Kim Fomin

Personal information
- Full name: Kim Yevhenovych Fomin
- Date of birth: 1914
- Place of birth: Balta, Podolian Governorate, Imperial Russia
- Date of death: 1976 (aged 61–62)
- Place of death: Odesa, Ukrainian SSR, Soviet Union
- Position: Forward

Senior career*
- Years: Team / Apps / (Gls)
- FC Zirka
- 1930s: FC Dynamo Odesa / 26
- 1937: FC Traktor Kharkiv / 141

Managerial career
- 1945: FC Pishchevik Odesa
- 1947–1950: FC Pishchevik Odesa
- 1951–1952: FC Metalurh Odesa
- 1953–1954: FSM Odesa
- 1955: FC Pishchevik Odesa
- 1956–1957: SKA Odesa
- 1960–1961: FC Avanhard Zhovti Vody (assistant)
- 1963: SKA Odesa
- 1963–1964: FC Avanhard Zhovti Vody

= Kim Fomin =

Soviet footballer (1914–1976)

Kim Yevhenovych Fomin (Кім Євгенович Фомін, real name Akim Feofanovych Fomin; 1914 - 1976) was a Soviet Ukrainian football player and coach. He is mentioned in a book of Oleh Makarov "Vratar" (1963).

==Life==
Born in Balta, Podolian Governorate, the Fomini family moved to Odesa before the Bolshevik coup. In Odesa, Fomin lived near the Kulykove Pole (English: Wader's Field) which was a center of the Odesa city football in the early 20th century.

After the Soviet occupation of Ukraine in 1920s, he was forced to change his name Akim Feofanovych to Kim Yevhenovych.

==Football career==

Until 1937 he played for the Odesa's local teams including FC Dynamo Odesa finishing his career in FC Traktor Kharkiv that year.

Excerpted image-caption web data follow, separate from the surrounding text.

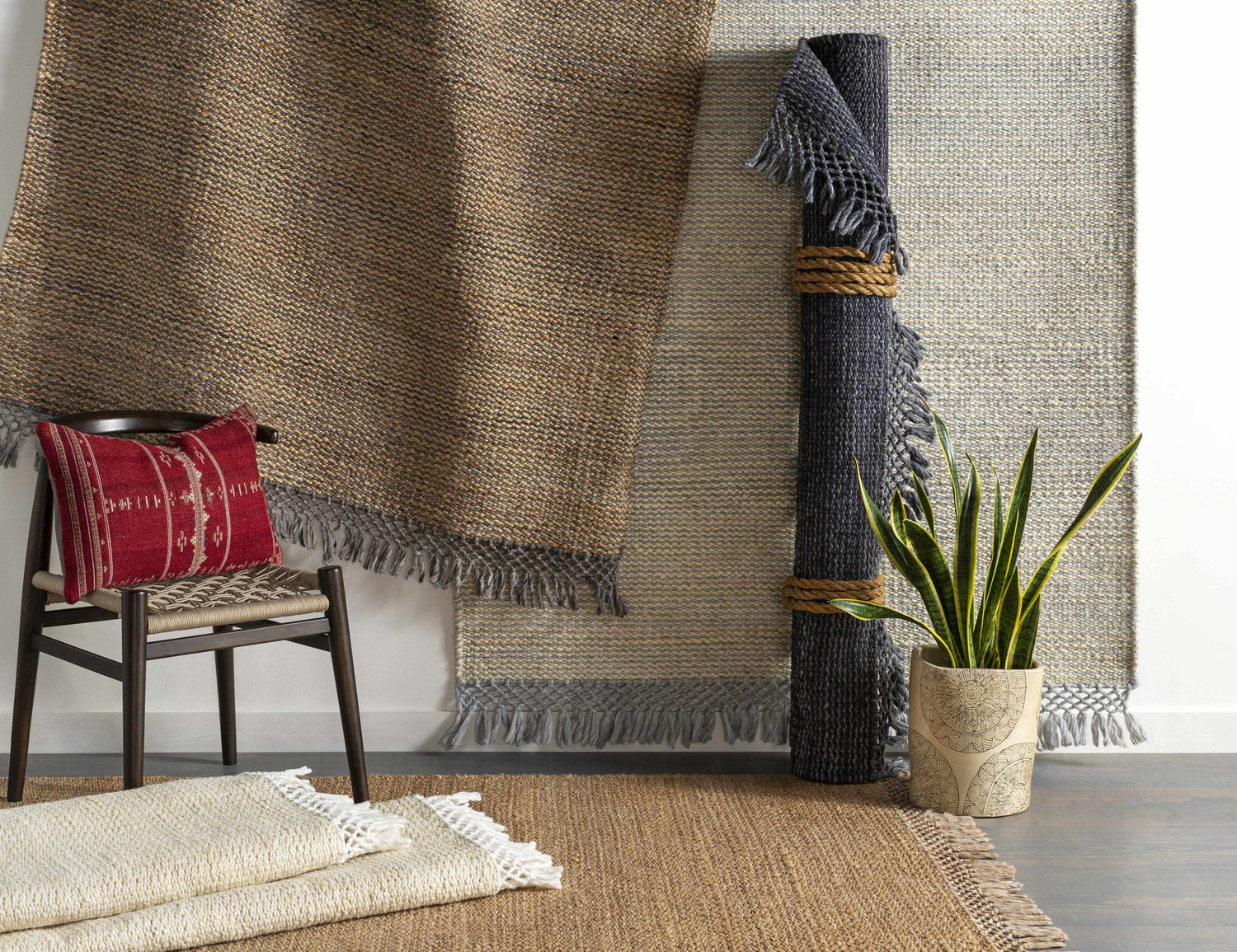 Partoun Area Rug in medium brown and tan, hand woven with jute and recycled PET yarn. Rug display with chair and plant. Styleshot
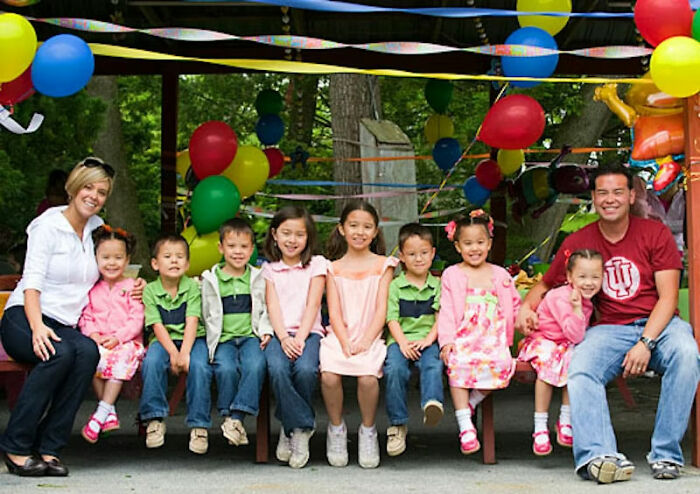Family gathered under colorful balloons and streamers celebrating a joyful occasion, symbolizing new beginnings and remarriage. Family gathered under colorful balloons and streamers celebrating a joyful occasion, symbolizing new beginnings and remarriage.
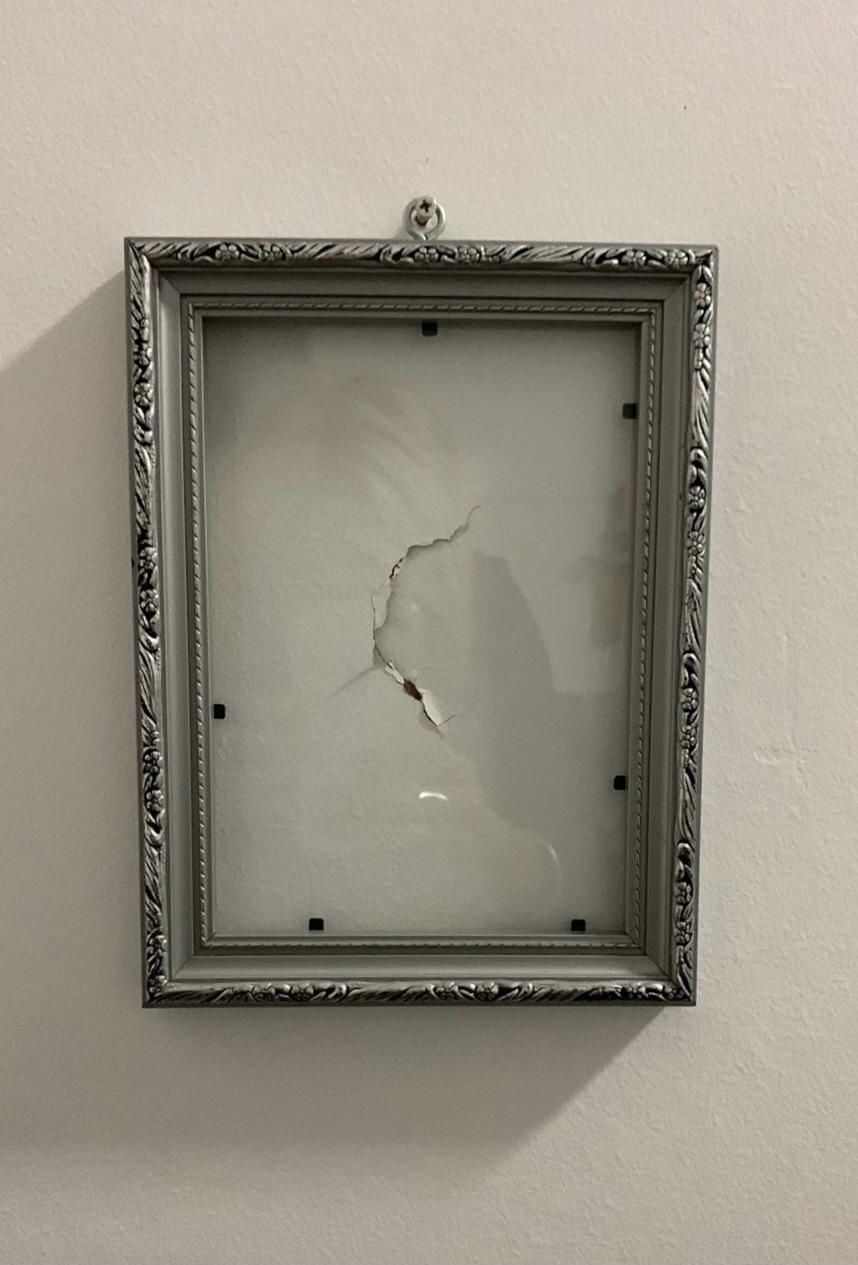 My brother punched a hole in the wall so my mum framed it.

After the World War II in 1945, Fomin became a head coach of the revived Pishchevik Odesa and with some breaks stayed with the club until 1955. After the club's relegation and its liquidation in 1950, in the 1951 Football Championship of Ukraine started out two teams from Odesa, Spartak and Metalurh and Kim Fomin was appointed a head coach of Metalurh. When in 1953 Metalurh was admitted to the Soviet Class B (later Soviet First League) competitions, Fomin was replaced by a Muscovite coach Aleksei Kostylev. Fomin continued to coach a local football school in Odesa. He returned as a head coach of Pishchevik however couple of years later due to the poor performance of the club under Kostylev's leadership. In 1955 Metalurh was reorganized and in its place was reestablished Pishchevik, while couple of years later Metalurh Odesa restarted again in the Football Championship of Ukraine. During the mid season Fomin was replaced again with an Armenian specialist.

After Pishchevik, Fomin coached another Odesa club SKA Odesa and later Avanhard Zhovti Vody.